Professor: Ulrick Casimir

4.00 credits

CRN 12238: Monday & Wednesday, 10:00-11:20am @ CHA 202

CRN 12242: Monday & Wednesday, 2:00-3:20pm @ MCK 122

Focused on both narrative readings (mostly poetry, drama, and short fiction) and films, this course concerns how different cultures, over time, have examined through narrative the mechanics, potentialities, limitations, and consequences of retribution and revenge.  Over the term, we will work together to unpack “revenge” as it applies to narrative; we will also examine why (and how) the desire for revenge and retribution has surfaced—and continues to surface—so frequently in both literature and film.
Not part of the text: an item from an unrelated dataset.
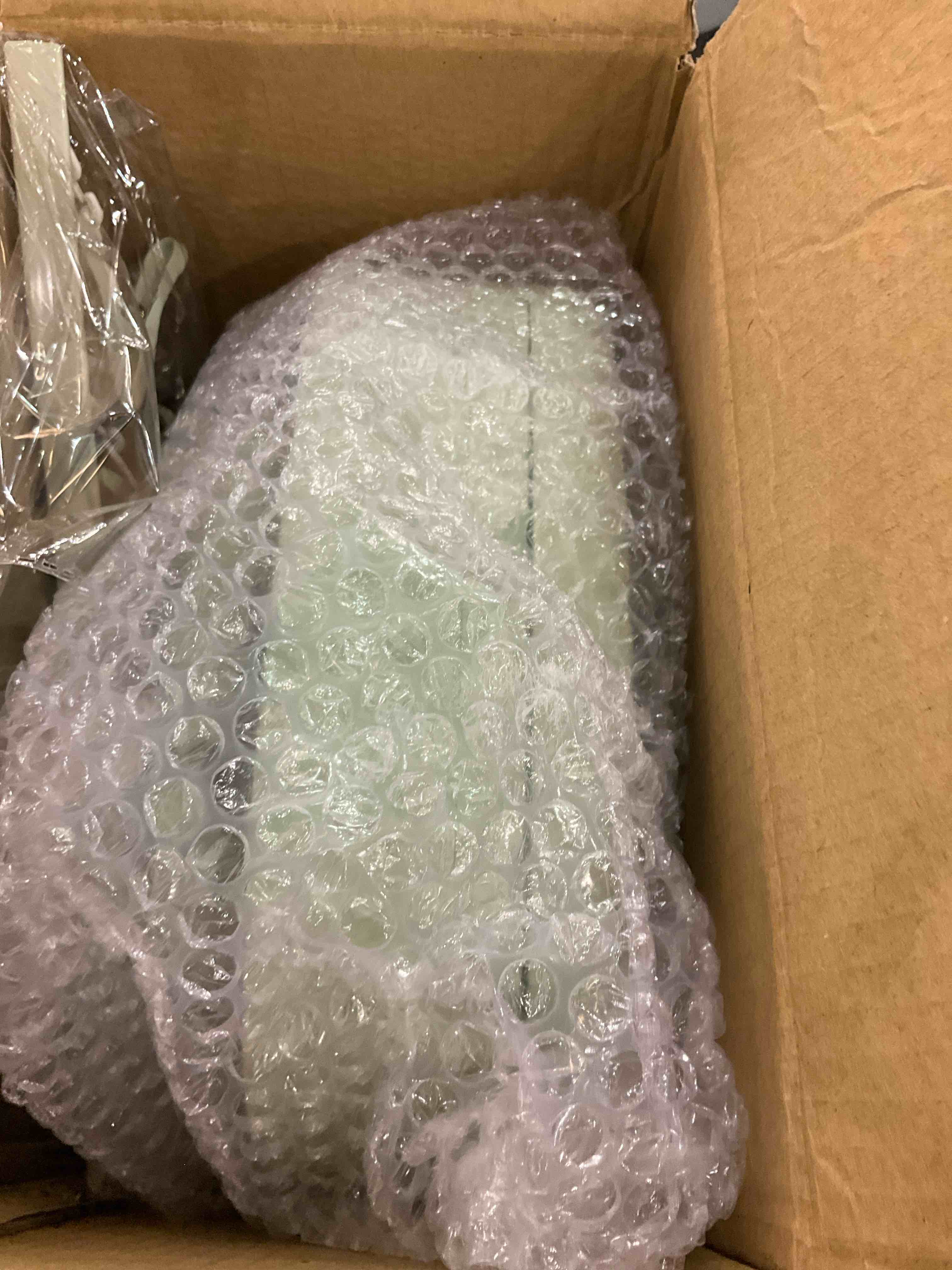 https://s3.amazonaws.com/lotting-images-prod/bidfta/EXS00975939_1705954714153.jpeg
Readings span the 17th century through the 21st century and range widely in terms of audience and appeal.  Primary written texts include works by Thomas Kyd, The Spanish Tragedy, Heinrich von Kleist “Michael Kohlhaas”, Edgar Allan Poe “William Wilson”, Robert Browning “My Last Duchess”, and Gabriel Garcia Márquez “Chronicle of a Death Foretold”, as well as Andre Dubus II “Killings” and Stephen King Carrie; “Dolan’s Cadillac”.  Prospective films include Ivan Dixon’s The Spook Who Sat By the Door (1973), Todd Field’s In the Bedroom (2001), Park Chan-wook’s Oldboy (2003), Emerald Fennell's Promising Young Woman (2020), and Kimberly Peirce’s version of Carrie (2013).  Secondary texts include short critical essays specifically selected to help contextualize the assigned readings and films, as well as brief selections from longer pieces (book-length works by Georges Bataille and René Girard, for instance) more broadly germane to the theme and approach of the course.  Written work will mostly consist of short weekly assignments/journal entries as well as two essays, the first at 3-4 pages, and the second at 5-6 pages.